Bauhaus Diaspora and Beyond: Transforming education through art, design and architecture
The Miegunyah Press, $64.99 pb, 288 pp
Bauhaus Diaspora and Beyond: Transforming education through art, design and architecture by Philip Goad et al.
Amid all the hoopla surrounding the centenary in 2019 of the Bauhaus – naturally more pronounced in Germany – it is gratifying to see such a fine Australian publication dealing with the international influence of this short-lived, revolutionary art and design teaching institute. Bauhaus Diaspora and Beyond – written by Philip Goad, Ann Stephen, Andrew McNamara, Harriet Edquist, and Isabel Wünsche – explores the Bauhaus and its influence in Australia.

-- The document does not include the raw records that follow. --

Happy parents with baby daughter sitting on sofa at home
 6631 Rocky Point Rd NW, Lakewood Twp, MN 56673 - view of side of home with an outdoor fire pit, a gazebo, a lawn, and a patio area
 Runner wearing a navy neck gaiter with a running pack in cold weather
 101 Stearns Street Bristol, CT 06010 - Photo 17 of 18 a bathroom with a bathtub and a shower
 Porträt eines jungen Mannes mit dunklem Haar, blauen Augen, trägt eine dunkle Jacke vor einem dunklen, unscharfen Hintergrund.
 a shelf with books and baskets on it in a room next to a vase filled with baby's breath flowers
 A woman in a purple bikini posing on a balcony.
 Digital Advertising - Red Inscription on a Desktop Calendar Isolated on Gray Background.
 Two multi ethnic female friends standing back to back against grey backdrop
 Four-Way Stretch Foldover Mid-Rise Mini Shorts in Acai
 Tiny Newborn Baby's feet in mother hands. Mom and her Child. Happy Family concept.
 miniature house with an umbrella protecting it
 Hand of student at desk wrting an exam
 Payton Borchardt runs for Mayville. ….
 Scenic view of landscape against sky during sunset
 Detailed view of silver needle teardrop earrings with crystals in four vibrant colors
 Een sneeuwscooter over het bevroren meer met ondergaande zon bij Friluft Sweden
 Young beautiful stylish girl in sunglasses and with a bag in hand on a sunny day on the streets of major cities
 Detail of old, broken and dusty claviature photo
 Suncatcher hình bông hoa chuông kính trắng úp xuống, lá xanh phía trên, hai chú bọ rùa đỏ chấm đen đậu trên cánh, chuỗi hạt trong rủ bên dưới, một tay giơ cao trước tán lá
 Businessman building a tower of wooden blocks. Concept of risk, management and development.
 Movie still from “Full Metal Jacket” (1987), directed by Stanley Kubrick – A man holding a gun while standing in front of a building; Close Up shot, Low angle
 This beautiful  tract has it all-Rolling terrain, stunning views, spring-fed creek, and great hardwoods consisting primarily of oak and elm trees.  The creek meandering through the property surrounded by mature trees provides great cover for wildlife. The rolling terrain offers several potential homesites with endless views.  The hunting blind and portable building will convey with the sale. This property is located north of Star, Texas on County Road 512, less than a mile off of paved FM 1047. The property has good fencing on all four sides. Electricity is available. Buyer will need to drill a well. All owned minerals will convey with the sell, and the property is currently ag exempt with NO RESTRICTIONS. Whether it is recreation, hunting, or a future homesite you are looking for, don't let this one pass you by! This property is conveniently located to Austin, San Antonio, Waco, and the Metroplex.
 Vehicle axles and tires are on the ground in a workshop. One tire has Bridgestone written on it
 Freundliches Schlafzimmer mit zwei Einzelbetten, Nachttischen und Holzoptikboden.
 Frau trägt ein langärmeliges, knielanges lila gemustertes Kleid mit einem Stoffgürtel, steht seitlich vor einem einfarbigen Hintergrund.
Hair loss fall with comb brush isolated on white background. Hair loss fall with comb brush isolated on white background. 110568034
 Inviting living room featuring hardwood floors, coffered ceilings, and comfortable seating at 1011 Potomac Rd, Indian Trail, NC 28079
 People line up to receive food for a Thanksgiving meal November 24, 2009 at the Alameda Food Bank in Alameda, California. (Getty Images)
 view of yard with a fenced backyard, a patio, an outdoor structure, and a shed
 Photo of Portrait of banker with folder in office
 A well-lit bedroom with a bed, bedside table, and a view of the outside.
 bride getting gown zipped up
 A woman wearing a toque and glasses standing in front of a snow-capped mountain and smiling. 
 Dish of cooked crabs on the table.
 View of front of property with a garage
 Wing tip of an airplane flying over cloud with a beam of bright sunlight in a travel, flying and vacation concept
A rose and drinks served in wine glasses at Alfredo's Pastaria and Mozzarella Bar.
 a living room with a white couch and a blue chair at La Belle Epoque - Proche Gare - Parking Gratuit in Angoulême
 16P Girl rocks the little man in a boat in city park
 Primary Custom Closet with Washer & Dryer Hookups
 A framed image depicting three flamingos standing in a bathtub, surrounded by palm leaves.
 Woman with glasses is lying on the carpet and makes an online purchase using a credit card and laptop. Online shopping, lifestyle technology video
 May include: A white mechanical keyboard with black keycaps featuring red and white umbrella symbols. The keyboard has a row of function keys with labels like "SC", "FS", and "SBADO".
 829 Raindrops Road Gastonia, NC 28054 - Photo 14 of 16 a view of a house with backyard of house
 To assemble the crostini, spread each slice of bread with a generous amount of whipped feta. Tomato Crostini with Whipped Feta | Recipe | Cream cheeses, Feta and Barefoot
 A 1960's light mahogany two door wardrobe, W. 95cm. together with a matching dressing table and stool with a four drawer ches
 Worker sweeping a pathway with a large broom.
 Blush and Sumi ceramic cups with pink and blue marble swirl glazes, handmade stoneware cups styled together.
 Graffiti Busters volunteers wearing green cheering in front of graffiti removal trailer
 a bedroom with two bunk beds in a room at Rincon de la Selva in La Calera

Walter Gropius established the Bauhaus in Weimar in 1919. It moved to Dessau in 1925 (Mies van der Rohe became director in 1930), and thence to Berlin in 1932. A year later the Nazis shut it down. It had lasted for just fourteen years, and some of the instantly recognisable designs – notably the Bauhaus building itself, the flat-topped residential architecture by Gropius, and the tubular steel furniture by Marcel Breuer – were designed over an even shorter period (1925–28). In addition to those already mentioned, Josef Albers, Marianne Brandt, Wassily Kandinsky, Paul Klee, and László Moholy-Nagy are just some of famous artists connected with the Bauhaus.